La madre:"Nos ha gustado mucho. Venga diles adios".
La niña: "¿Puedo darle un beso?"
Me inclino y besito de la niña que me llega muy a dentro.

Tambien un niño me hizo protagonista de un cuento (ya lo pondre en cambalache) con el que ademas gano un concurso en su colegio.

Salutres.

----------


## magic_7

> A mi me paso algo parecido al salir de una funcion en una urbanizacion.
> Cuando mi mujer y yo ibamos para el coche.
> Una madre: "Mira uno de los magos".
> La niña: "¿Puedo saludarlo?"
> Yo: "Hola pequeña. ¿Te ha gustado el show?"
> La niña:"Si".
> La madre:"Nos ha gustado mucho. Venga diles adios".
> La niña: "¿Puedo darle un beso?"
> Me inclino y besito de la niña que me llega muy a dentro.
> ...


Eso si que es magia, tan simple y tan poderoso....

----------


## J.R.

No fue una frase, pero ....
Actuábamos mi mujer y yo para unos niños con síndrome de down y autistas.
Todo fue maravilloso, al finalizar la actuación llego una niña con síndrome de down y simplemente nos abrazo (con intensidad y sinceridad), después se acerco una niña y muy tímidamente le dio mano a mi mujer y se marcho. Mi mujer dijo sorprendida: Me ha dado la mano. Y la monitora le recalco esa niña es autista y no da la mano a nadie....
Increíble e inolvidable, .... jamás un simple gesto dijo tanto.

----------


## chiripicajoso

> después se acerco una niña y muy tímidamente le dio mano a mi mujer y se marcho. Mi mujer dijo sorprendida: Me ha dado la mano. Y la monitora le recalco esa niña es autista y no da la mano a nadie....
> Increíble e inolvidable, .... jamás un simple gesto dijo tanto.

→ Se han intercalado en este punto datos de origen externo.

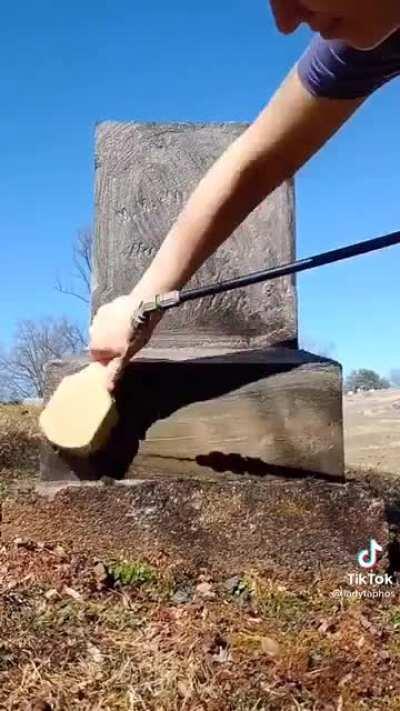 Watch someone transform a neglected tombstone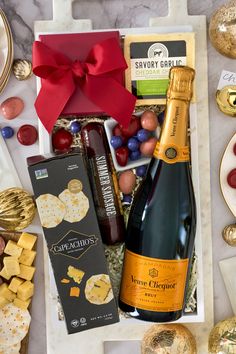 a bottle of wine, crackers and cheese in a gift box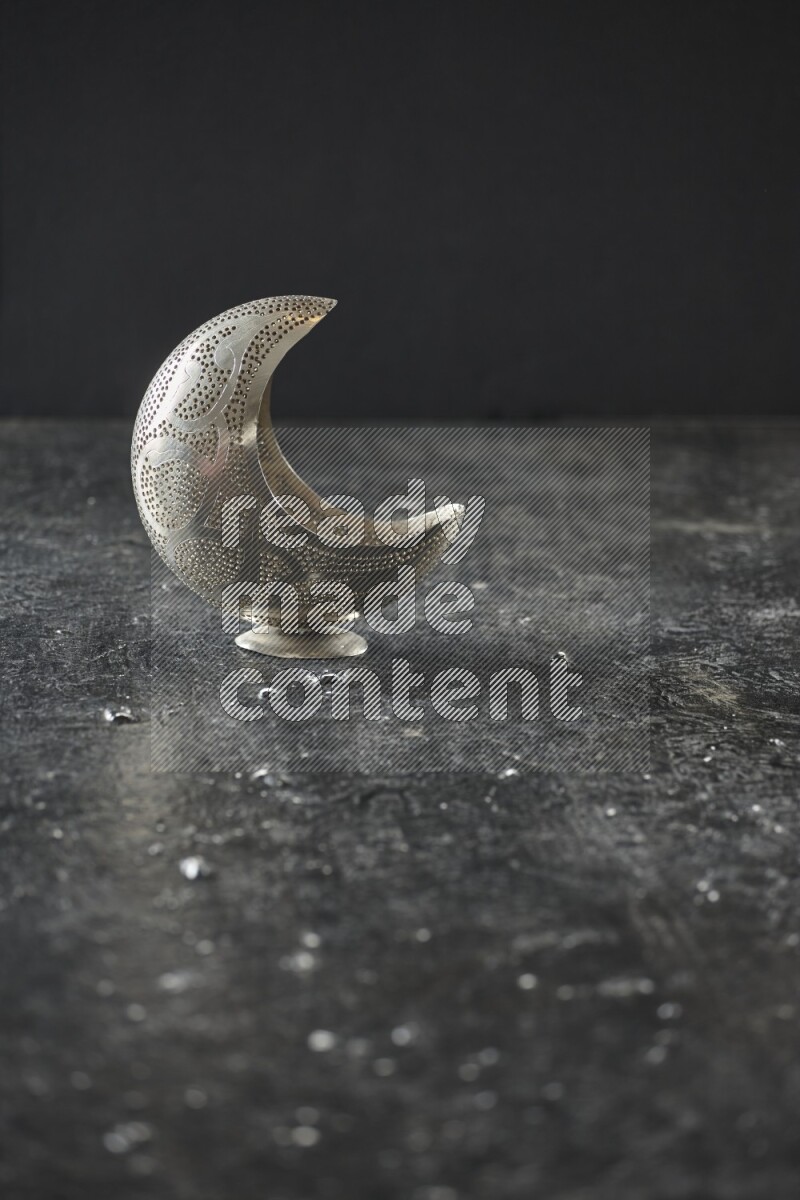 A lantern placed on a textured black background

Según me lo imaginaba, nose porque pero se me han empañado los ojos....esque para mi estas cosas es de las pocas que hay en el mundo

----------


## S. Alexander

Qué bonito J.R., sinceramente, se me han puesto los pelos de puntita  :Smile1: 

Frases célebres que me han dicho:

-Tras la revelación de una fantástica predicción, puesto como excusa un sueño acerca de lo que ocurriría: ¡¡Dios mío!! ¿De verdad has soñado conmigo? (Y ya van varias personas que me lo dicen, me encanta).

-"¡Rápido, dime un número entre el *diez* y el *veinte*!" "Eeeeemm... ¡¡el *ocho*!!"

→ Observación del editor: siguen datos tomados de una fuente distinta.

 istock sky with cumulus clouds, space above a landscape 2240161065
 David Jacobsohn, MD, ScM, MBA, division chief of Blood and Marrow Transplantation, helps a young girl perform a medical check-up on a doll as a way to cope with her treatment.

-¡Ya me has liao, ya me has liao! (tras un juego rápido)

-¿¿Pero tú dónde aprendes todo eso?? (pregunta frecuente de los conocidos/amigos tras un efecto fuerte o varios efectos rápidos)

-Oye, ¿esas son de las cartas que cambian de color cuando les pasas la mano?/ das calor?/ soplas?/ *silbas*? (Alucino... xD) A todo esto, me gustaría avisar de la nueva hipótesis profana: los magos utilizamos los focos para mostrar cartas que en realidad son otras... (en street magic, se ve que tenemos poder sobre el propio Sol  :Smile1:  )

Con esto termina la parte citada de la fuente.